* **Task objective**
Copy each record exactly as it reads, leaving out any pictures it holds.

(Image-text web data)
____________________

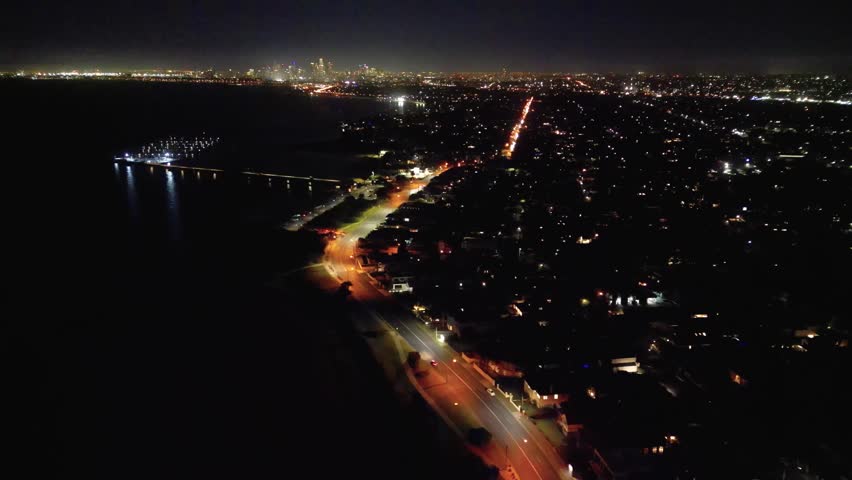 Aerial drone footage of the suburb of Brighton in Melbourne Australia at night.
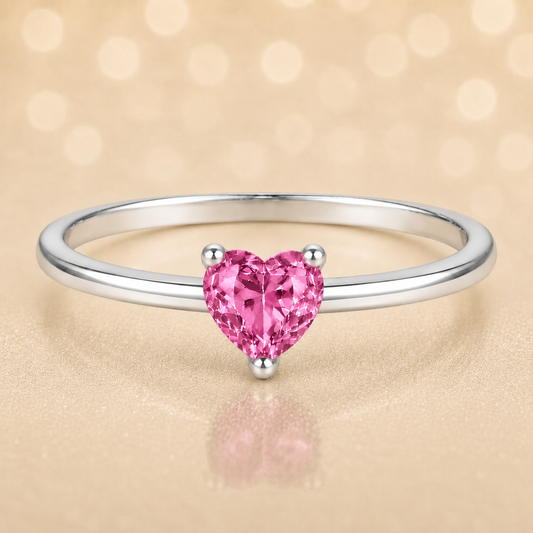 Pink sapphire solitaire ring with a 5 mm heart in white gold-plated 925 silver. Elegant, minimal, and timeless for daily wear. Available now at BSI Jewelry.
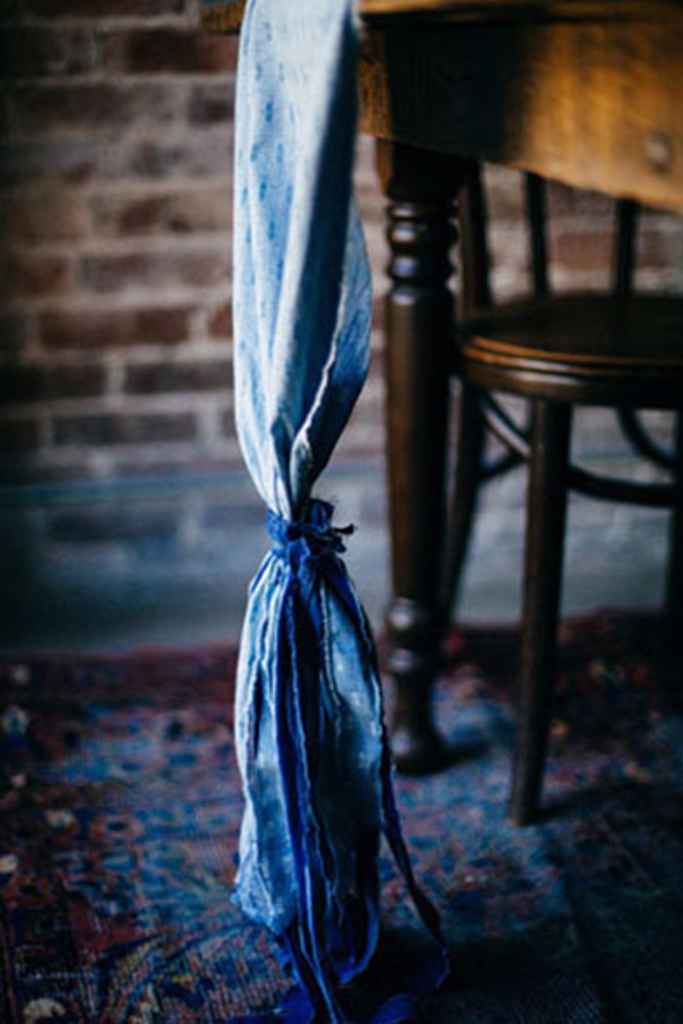 Dekoracija stola z modrim blagom pri poročnem omizju v vinski kleti. Foto: Tiffani Jones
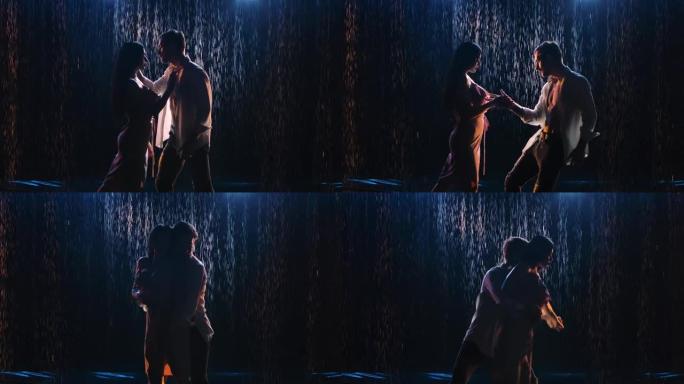 剪影恩爱的夫妇在舞蹈中旋转，紧紧触摸他们的身体并牵着手。在雨滴和蓝光的背景下，在黑暗的工作室里浪漫的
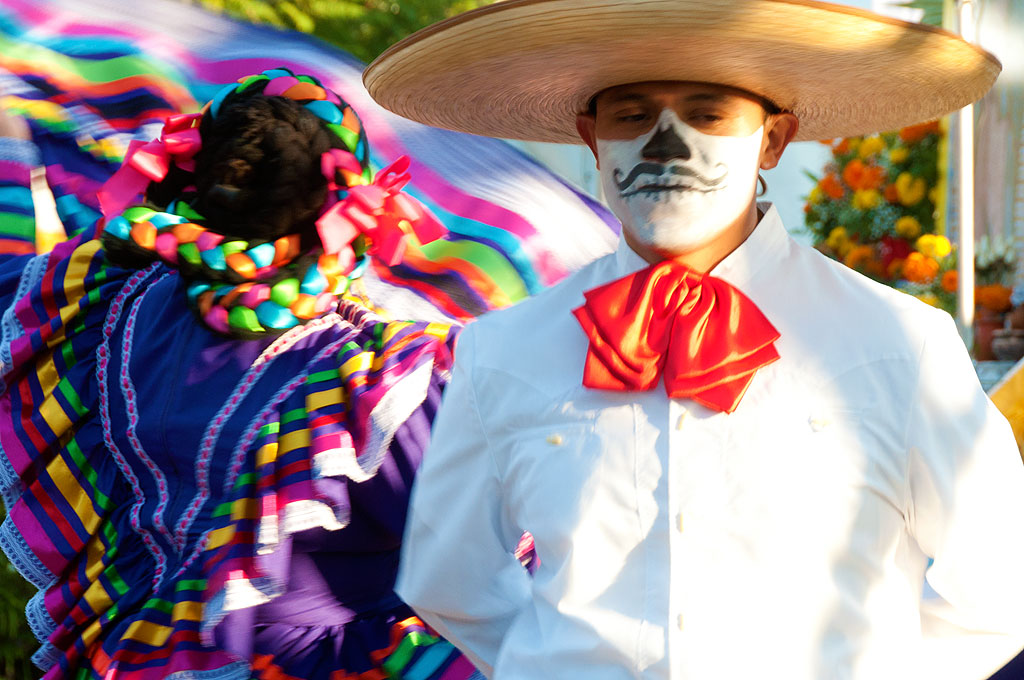 a man wearing a sombrero and skeleton make - up for an event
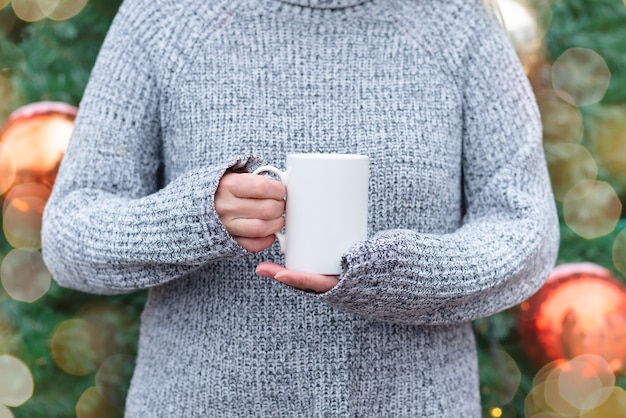 White porcelain coffee mug, cup in woman hands,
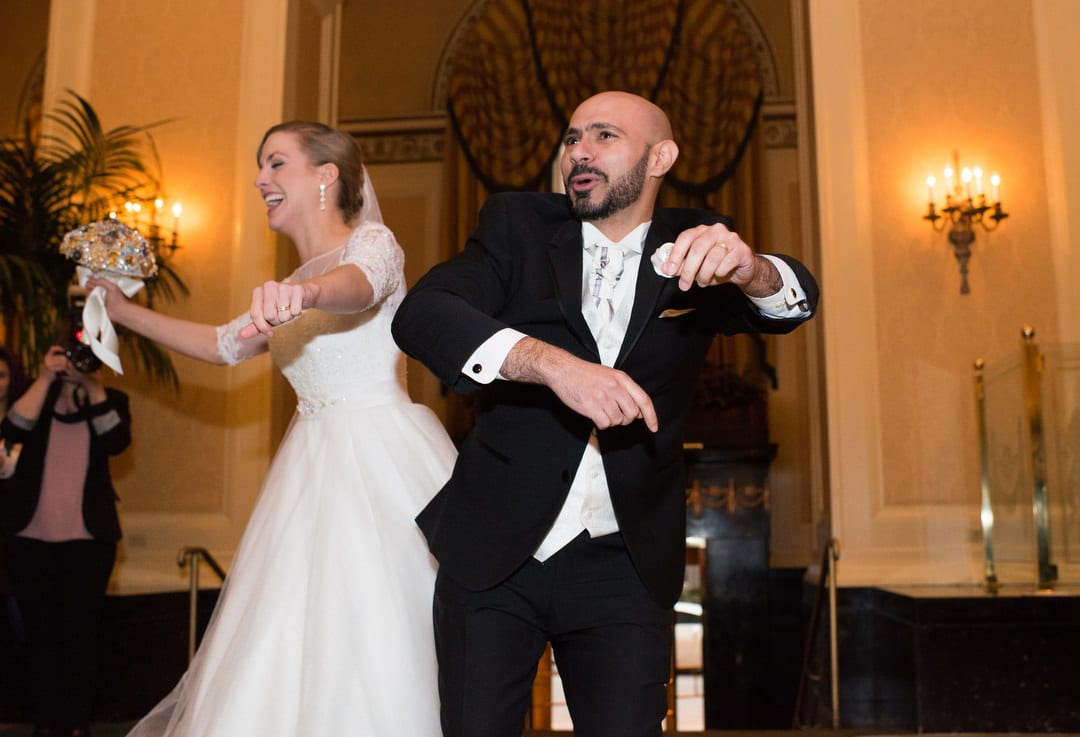 A bride and groom dance as they enter their Coptic wedding at the William Penn hotel in Pittsburgh.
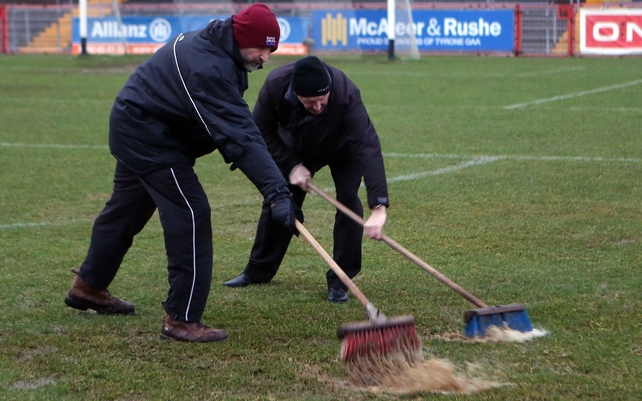 Ground staff removing surface water from the pitch before the Tyrone v Derry game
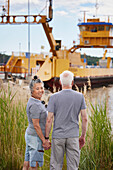 Senior couple holding hands and looking at industrial barge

____________________

* **Task response**
 Aerial drone footage of the suburb of Brighton in Melbourne Australia at night.
 Pink sapphire solitaire ring with a 5 mm heart in white gold-plated 925 silver. Elegant, minimal, and timeless for daily wear. Available now at BSI Jewelry.
 Dekoracija stola z modrim blagom pri poročnem omizju v vinski kleti. Foto: Tiffani Jones
 剪影恩爱的夫妇在舞蹈中旋转，紧紧触摸他们的身体并牵着手。在雨滴和蓝光的背景下，在黑暗的工作室里浪漫的
 a man wearing a sombrero and skeleton make - up for an event
 White porcelain coffee mug, cup in woman hands,
 A bride and groom dance as they enter their Coptic wedding at the William Penn hotel in Pittsburgh.
 Ground staff removing surface water from the pitch before the Tyrone v Derry game
 Senior couple holding hands and looking at industrial barge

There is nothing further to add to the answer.